Matthew Garrett on the race to idle

Posted May 9, 2008 12:17 UTC (Fri) by mjg59 (subscriber, #23239) [Link]

Yeah, I should probably have made it clear that I'm primarily talking about x86 here. Things
are likely to be different in the embedded world, especially given the different constraints
that system on chip designs tend to impose on you.

Matthew Garrett on the race to idle

Posted May 9, 2008 23:56 UTC (Fri) by felixfix (subscriber, #242) [Link]

You still have to allow for the fact that the rest of the system (disk drive, display) is
still drawing power.  It's like speeding up a small section of code by a factor of ten -- if
that code only runs 10% of the time, you have only speeded up the entire program by 9% (isn't
this Amdahl's law?).  Factoring in just the CPU power doesn't answer the question properly.
You may end up using more power and drawing down your battery even further.

In fact, TFA said this.

Matthew Garrett on the race to idle

Posted May 11, 2008 4:25 UTC (Sun) by IkeTo (subscriber, #2122) [Link]

> Leakage power is constant.

Should it be proportional to voltage?

Matthew Garrett on the race to idle

Posted May 11, 2008 18:10 UTC (Sun) by bronson (subscriber, #4806) [Link]

It's been many years since I've done VLSI but, yes, we normally modeled leakage as a constant.
It's mostly affected by temperature and process characteristics, not voltage.

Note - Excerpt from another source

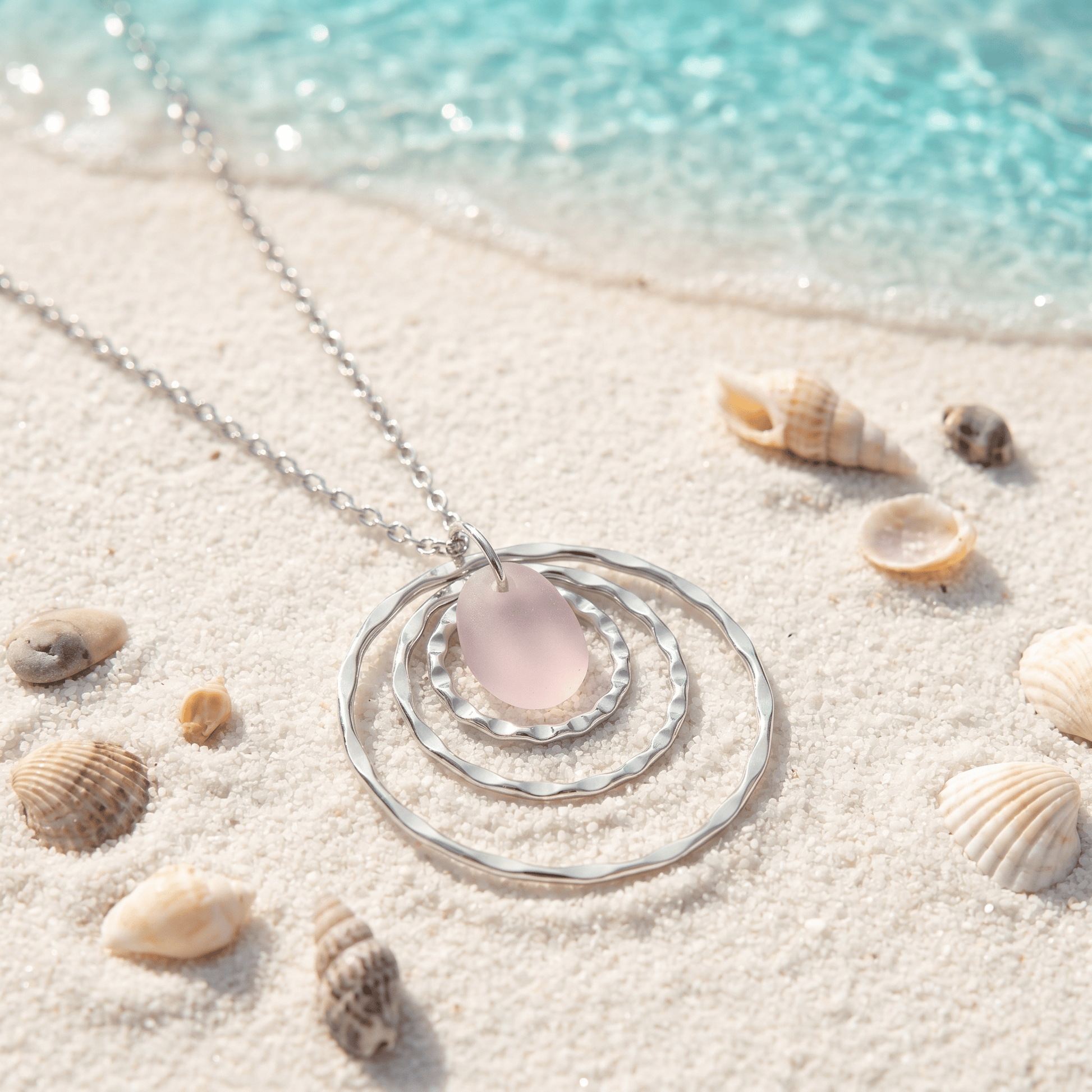 Blush Sea Glass Triple Circle Ripple Pendant Necklace - Silver - image 0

If applied voltage is near the thermal voltage (25.9mV) then I suppose you might have to
include voltage in the equation.  But we're nowhere near that today and I'm not sure anyone
would ever want to run that close to the noise floor (I know, I know, 640K should be enough
for anybody...  we'll see!)

Matthew Garrett on the race to idle

Posted May 12, 2008 2:31 UTC (Mon) by IkeTo (subscriber, #2122) [Link]

> we normally modeled leakage as a constant.

My understanding is that leakage *current* is nearly constant (unless the voltage difference
is very small), so leakage power is proportional to voltage, and leakage energy is
proportional to voltage multiplied by time, i.e., voltage divides by frequency.  Since voltage
divides by frequency is increases not very much when you decrease frequency, this is nearly
constant energy.  If leakage *power* is constant instead, the leakage energy will be
proportional to the inverse of frequency.  Then voltage scaling would be doing something very
bad to energy consumption!

Matthew Garrett on the race to idle

Posted May 13, 2008 2:20 UTC (Tue) by forthy (guest, #1525) [Link]

> Should it be proportional to voltage?

It actually goes exponentially with voltage and temperature. This means scaling up the voltage for higher frequency and in turn heating up the CPU increases leakage by factors, which makes the original power saving equation somehow dubious.

Matthew Garrett on the race to idle

Posted May 13, 2008 3:08 UTC (Tue) by IkeTo (subscriber, #2122) [Link]

Would you mind clarifying what do you mean by "original power saving equation" and "dubious"?

Matthew Garrett on the race to idle

Posted May 11, 2008 8:39 UTC (Sun) by daniels (subscriber, #16193) [Link]

Um, except that chips like ARMs are hyper-optimised for sleep, and most (I'm excluding
insanity like StrongARM here) consume an absolute crapteenth of what they do running, while
asleep? It's not even really so much a race to idle, as a race to sleep, or even retention.

Matthew Garrett on the race to idle

Posted May 9, 2008 13:16 UTC (Fri) by mbizon (subscriber, #37138) [Link]


What about applications that eat all CPU cycles no matter what ?

Think of a game with no FPS limit, sure the gaming experience won't be as good at lowest
frequency, but at least you get to play the game longer.

Matthew Garrett on the race to idle

Posted May 9, 2008 13:44 UTC (Fri) by mjg59 (subscriber, #23239) [Link]

But running at the same FPS without limiting the frequency would let you play for even longer.

Matthew Garrett on the race to idle

Posted May 9, 2008 14:41 UTC (Fri) by mbizon (subscriber, #37138) [Link]


That's not always practically possible, some games don't make this a tunable, and of course if
they are not open sourced, good luck on having this changed.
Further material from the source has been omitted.